The exhibit was built around three core ideas: continuity, relatedness and activation.
“One of the aspects of contemporary Indigenous art that’s really notable is the way they don’t break with the past,” says curator Christine Lalonde. “They bring the past forward,”
Canadian artists featured in the exhibition include contemporary art superstars like Shuvinai Ashoona from Cape Dorset in Canada’s eastern Arctic territory of Nunavut, an artist famous for her fantastical, and sometimes abstract drawings done in mediums like ink and coloured pencils.
But the exhibition also includes artists from other regions of Canada’s North like Maureen Gruben, based in the Inuit community of Tuktoyaktuk in the Northwest Territories, whose work Seal in our Blood — a 20-foot long rope of alternating seal skin and red velvet that hangs from the ceiling and pools onto the floor in a coil — opens the show.
“Her work is very minimalist,” says Christine Lalonde. “By going with a very minimalist aesthetic, her work actually speaks volumes about [the emotional and spiritual ties that people have to the land an the animals] that are sometimes hard to communicate to outsiders.”
Besides installations, video and sculpture, Àbadakone also features photography, including a project by Brian Adams, who comes from the Iñupiac village of Kivalina in Alaska.
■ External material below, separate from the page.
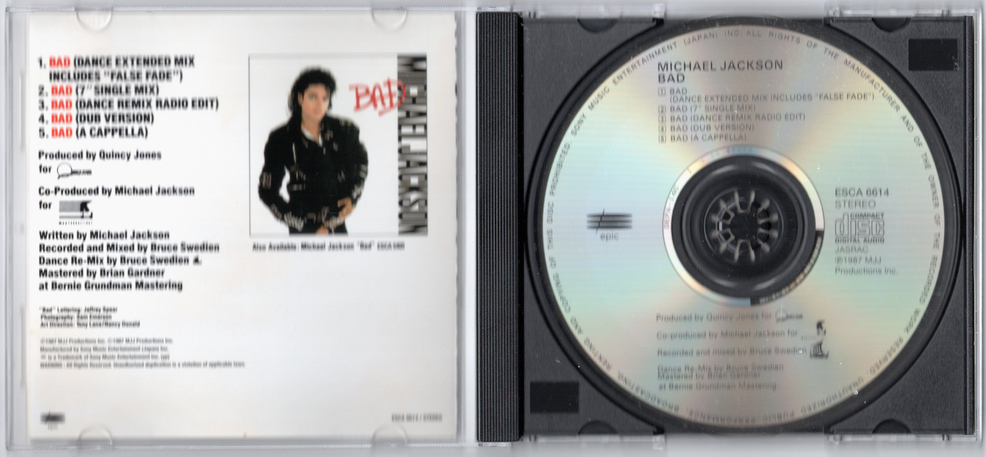 未配信 CDシングル Michael Jackson(マイケル ジャクソン) BAD（5 スペシャル リミックス エディション） Quincy Jones Stevie Wonder の画像5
His photography project involved travelling to Iñupiac villages in the state and co-creating the images with his subjects.
“He was looking for more a collaborative relationship with the person that was going to be portrayed, letting them choose how they wanted to be represented but also incorporating their story and their voice, ” says Lalonde.
Other arctic artists featured in the exhibition range from Evgeniy Salinder, a Nenets carver from Salekhard, Siberia, to Fredrik Prost, a Saami artist from Viikusjarvi, Sweden.
Àbadakone | Continuous Fire | Feu continuel runs until April 5, 2020.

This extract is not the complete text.